Why Use Quantitative Data?

Quantitative data is perfect for showing quantities and their relationships. Vega-Lite includes zero values by default on scales for quantitative fields, like x, y, and size, making it ideal for ratio data. However, you can adjust the scale's zero property if you need flexibility.

Example

Imagine you have data on temperature recordings over a week:

{
  "data": {"values": [
    {"day": "Monday", "temperature": 20},
    {"day": "Tuesday", "temperature": 22},
    {"day": "Wednesday", "temperature": 19},
    {"day": "Thursday", "temperature": 24},
    {"day": "Friday", "temperature": 23}
  ]},
  "mark": "line",
  "encoding": {
    "x": {"field": "day", "type": "ordinal"},
    "y": {"field": "temperature", "type": "quantitative"}
  }
}

Temporal Data: Representing Time and Dates

Temporal data deals with dates and times, such as "2015-03-07 12:32:17", "17:01", or even Unix timestamps like 1552199579097.

Why Use Temporal Data?

When your data involves time, such as tracking performance over days or months, temporal types allow you to represent and visualize it accurately.

Example

Visualize monthly sales data:

{
  "data": {"values": [
    {"month": "2021-01", "sales": 30},
    {"month": "2021-02", "sales": 45},
    {"month": "2021-03", "sales": 50}
  ]},
  "mark": "bar",
  "encoding": {
    "x": {"field": "month", "type": "temporal"},
    "y": {"field": "sales", "type": "quantitative"}
  }
}

Ordinal Data: Ranking Without Measuring Distance

Ordinal data is about order and ranking. An example might be "small", "medium", "large", and "extra-large". Unlike quantitative data, ordinal data does not measure relative differences.

Why Use Ordinal Data?

Use ordinal data when you have a ranked order but don't need to compare the difference between entries.

Example

Showing product sizes:

{
  "data": {"values": [
    {"size": "small", "count": 15},
    {"size": "medium", "count": 30},
    {"size": "large", "count": 45},
    {"size": "extra-large", "count": 10}
  ]},
  "mark": "bar",
  "encoding": {
    "x": {"field": "size", "type": "ordinal"},
    "y": {"field": "count", "type": "quantitative"}
  }
}

Casting a Temporal Field as Ordinal

Treat a date-time field as an ordinal field if you want to visualize time units as discrete categories.

{
  "data": {"values": [
    {"month": "2021-01", "sales": 30},
    {"month": "2021-02", "sales": 45},
    {"month": "2021-03", "sales": 50}
  ]},
  "mark": "bar",
  "encoding": {
    "x": {"field": "month", "type": "ordinal"},
    "y": {"field": "sales", "type": "quantitative"}
  }
}

Nominal Data: Categories Without Order

Nominal data sorts items by category without any implicit ranking. Examples include gender, nationality, or the type of music genre.

Why Use Nominal Data?

Use nominal data when each value is unique and cannot be compared against each other in any meaningful numerical way.

Example

Categorize customer feedback:

{
  "data": {"values": [
    {"feedback": "positive", "count": 110},
    {"feedback": "neutral", "count": 45},
    {"feedback": "negative", "count": 25}
  ]},
  "mark": "bar",
  "encoding": {
    "x": {"field": "feedback", "type": "nominal"},
    "y": {"field": "count", "type": "quantitative"}
  }
}

GeoJSON Data: Map Your Geographical Shapes

GeoJSON data is all about geography. It represents shapes and areas on the map described using the GeoJSON format (opens in a new tab).

Why Use GeoJSON Data?

Whenever you need to represent geographical entities like countries, states, or even complex polygons.

Example

Map data visualization:

{
  "data": {
    "url": "path/to/geojson/data",
    "format": {"type": "json"}
  },
  "mark": "geoshape",
  "encoding": {
    "color": {"field": "value", "type": "quantitative"}
  }
}

FAQ

1. Can I mix different data types in one chart?
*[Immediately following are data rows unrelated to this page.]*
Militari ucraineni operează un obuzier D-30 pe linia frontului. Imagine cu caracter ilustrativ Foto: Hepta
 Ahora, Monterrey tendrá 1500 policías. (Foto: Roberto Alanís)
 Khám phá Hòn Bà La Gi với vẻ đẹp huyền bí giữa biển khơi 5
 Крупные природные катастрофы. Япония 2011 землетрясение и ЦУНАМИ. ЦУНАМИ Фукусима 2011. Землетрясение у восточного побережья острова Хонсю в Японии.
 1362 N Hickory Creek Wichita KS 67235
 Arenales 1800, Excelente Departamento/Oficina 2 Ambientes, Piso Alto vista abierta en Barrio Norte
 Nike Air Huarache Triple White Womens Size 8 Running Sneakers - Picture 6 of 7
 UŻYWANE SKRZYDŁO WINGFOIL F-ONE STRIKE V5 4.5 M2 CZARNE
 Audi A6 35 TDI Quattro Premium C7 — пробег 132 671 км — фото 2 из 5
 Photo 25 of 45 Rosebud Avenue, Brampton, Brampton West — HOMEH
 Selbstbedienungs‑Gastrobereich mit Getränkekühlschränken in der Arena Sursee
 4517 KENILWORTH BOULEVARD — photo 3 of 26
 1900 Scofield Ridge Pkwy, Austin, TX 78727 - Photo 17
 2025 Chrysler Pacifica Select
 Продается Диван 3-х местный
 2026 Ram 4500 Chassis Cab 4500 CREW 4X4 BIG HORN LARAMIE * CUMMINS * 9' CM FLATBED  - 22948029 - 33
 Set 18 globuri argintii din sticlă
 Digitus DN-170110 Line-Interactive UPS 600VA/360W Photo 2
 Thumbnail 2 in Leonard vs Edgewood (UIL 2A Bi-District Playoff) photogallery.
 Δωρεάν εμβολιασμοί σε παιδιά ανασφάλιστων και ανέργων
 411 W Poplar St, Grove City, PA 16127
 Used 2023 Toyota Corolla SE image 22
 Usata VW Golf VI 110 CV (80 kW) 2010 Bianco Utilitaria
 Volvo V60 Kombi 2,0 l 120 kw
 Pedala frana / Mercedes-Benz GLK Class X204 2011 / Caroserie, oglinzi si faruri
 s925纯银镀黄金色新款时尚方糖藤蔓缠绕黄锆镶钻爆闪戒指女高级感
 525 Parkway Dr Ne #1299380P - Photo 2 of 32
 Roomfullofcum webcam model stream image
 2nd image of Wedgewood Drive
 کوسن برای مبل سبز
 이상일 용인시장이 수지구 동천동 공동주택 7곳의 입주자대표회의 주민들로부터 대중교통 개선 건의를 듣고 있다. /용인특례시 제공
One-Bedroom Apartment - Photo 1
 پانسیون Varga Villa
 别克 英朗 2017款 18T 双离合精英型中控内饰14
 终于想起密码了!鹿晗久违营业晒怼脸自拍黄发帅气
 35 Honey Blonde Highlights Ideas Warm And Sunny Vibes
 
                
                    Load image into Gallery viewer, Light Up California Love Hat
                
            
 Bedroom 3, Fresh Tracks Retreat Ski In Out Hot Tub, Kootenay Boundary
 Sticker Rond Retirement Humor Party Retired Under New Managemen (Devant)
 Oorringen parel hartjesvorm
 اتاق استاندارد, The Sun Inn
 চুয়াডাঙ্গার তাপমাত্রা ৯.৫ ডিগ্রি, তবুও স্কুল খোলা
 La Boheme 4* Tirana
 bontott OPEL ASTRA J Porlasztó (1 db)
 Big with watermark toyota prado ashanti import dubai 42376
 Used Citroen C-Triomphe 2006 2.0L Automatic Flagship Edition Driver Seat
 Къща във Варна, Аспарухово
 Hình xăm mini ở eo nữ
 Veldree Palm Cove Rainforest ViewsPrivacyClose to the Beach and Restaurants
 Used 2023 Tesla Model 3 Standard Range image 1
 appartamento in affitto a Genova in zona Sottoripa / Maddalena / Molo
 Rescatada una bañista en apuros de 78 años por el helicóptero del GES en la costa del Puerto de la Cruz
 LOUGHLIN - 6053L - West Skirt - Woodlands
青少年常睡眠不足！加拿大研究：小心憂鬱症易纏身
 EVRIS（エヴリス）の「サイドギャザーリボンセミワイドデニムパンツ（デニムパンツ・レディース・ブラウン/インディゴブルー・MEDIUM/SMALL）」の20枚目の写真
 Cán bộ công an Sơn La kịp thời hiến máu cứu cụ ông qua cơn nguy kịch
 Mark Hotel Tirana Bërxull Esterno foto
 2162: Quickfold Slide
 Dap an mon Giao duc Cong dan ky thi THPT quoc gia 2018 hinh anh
Yes, you can mix different data types in a single Vega-Lite chart. Just make sure each field is correctly specified, so Vega-Lite knows how to treat each type.

2. What happens if I don't specify a data type?

If you don't specify a data type, Vega-Lite tries to infer it based on the data provided. However, it's always best to be explicit to avoid any unintended results.

3. How do I handle missing or null values in my data?

Vega-Lite handles missing or null values gracefully by default. If you need special handling, you can preprocess your data to fill or remove these values before visualizing.

Understanding these data types will enable you to create powerful and insightful visualizations with Vega-Lite. Happy charting!